→ WHAT IS BEING ASKED
The whole listing is to be repeated exactly. Add nothing.
(Beginning of DATA EXTRACTS)
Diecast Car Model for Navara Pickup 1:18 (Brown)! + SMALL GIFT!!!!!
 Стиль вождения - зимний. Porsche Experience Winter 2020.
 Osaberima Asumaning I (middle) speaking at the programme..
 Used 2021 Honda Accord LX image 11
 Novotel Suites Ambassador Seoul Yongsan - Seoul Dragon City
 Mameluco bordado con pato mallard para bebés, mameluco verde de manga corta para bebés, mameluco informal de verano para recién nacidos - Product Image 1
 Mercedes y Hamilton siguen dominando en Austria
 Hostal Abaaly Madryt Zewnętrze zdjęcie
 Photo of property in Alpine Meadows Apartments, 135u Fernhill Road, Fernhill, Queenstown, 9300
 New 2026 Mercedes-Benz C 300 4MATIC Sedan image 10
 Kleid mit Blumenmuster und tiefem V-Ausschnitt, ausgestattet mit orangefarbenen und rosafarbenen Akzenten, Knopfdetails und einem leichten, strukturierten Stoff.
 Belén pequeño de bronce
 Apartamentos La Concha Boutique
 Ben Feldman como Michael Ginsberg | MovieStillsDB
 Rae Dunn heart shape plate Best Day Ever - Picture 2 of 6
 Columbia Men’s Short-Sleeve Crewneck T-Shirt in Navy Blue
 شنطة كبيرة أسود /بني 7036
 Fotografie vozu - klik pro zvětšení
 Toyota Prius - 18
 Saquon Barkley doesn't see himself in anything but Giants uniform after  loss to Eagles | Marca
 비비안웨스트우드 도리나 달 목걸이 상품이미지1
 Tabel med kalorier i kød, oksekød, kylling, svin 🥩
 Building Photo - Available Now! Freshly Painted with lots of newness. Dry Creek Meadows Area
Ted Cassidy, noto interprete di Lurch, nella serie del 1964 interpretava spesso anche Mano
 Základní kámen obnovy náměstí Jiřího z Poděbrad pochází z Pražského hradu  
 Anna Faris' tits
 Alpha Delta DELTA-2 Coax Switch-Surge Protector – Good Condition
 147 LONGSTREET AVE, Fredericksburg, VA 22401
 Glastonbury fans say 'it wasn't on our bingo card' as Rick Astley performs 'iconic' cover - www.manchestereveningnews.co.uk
(End of DATA EXTRACTS)
→ REPLY
Diecast Car Model for Navara Pickup 1:18 (Brown)! + SMALL GIFT!!!!!
 Стиль вождения - зимний. Porsche Experience Winter 2020.
 Osaberima Asumaning I (middle) speaking at the programme..
 Used 2021 Honda Accord LX image 11
 Novotel Suites Ambassador Seoul Yongsan - Seoul Dragon City
 Mameluco bordado con pato mallard para bebés, mameluco verde de manga corta para bebés, mameluco informal de verano para recién nacidos - Product Image 1
 Mercedes y Hamilton siguen dominando en Austria
 Hostal Abaaly Madryt Zewnętrze zdjęcie
 Photo of property in Alpine Meadows Apartments, 135u Fernhill Road, Fernhill, Queenstown, 9300
 New 2026 Mercedes-Benz C 300 4MATIC Sedan image 10
 Kleid mit Blumenmuster und tiefem V-Ausschnitt, ausgestattet mit orangefarbenen und rosafarbenen Akzenten, Knopfdetails und einem leichten, strukturierten Stoff.
 Belén pequeño de bronce
 Apartamentos La Concha Boutique
 Ben Feldman como Michael Ginsberg | MovieStillsDB
 Rae Dunn heart shape plate Best Day Ever - Picture 2 of 6
 Columbia Men’s Short-Sleeve Crewneck T-Shirt in Navy Blue
 شنطة كبيرة أسود /بني 7036
 Fotografie vozu - klik pro zvětšení
 Toyota Prius - 18
 Saquon Barkley doesn't see himself in anything but Giants uniform after  loss to Eagles | Marca
 비비안웨스트우드 도리나 달 목걸이 상품이미지1
 Tabel med kalorier i kød, oksekød, kylling, svin 🥩
 Building Photo - Available Now! Freshly Painted with lots of newness. Dry Creek Meadows Area
Ted Cassidy, noto interprete di Lurch, nella serie del 1964 interpretava spesso anche Mano
 Základní kámen obnovy náměstí Jiřího z Poděbrad pochází z Pražského hradu  
 Anna Faris' tits
 Alpha Delta DELTA-2 Coax Switch-Surge Protector – Good Condition
 147 LONGSTREET AVE, Fredericksburg, VA 22401
 Glastonbury fans say 'it wasn't on our bingo card' as Rick Astley performs 'iconic' cover - www.manchestereveningnews.co.uk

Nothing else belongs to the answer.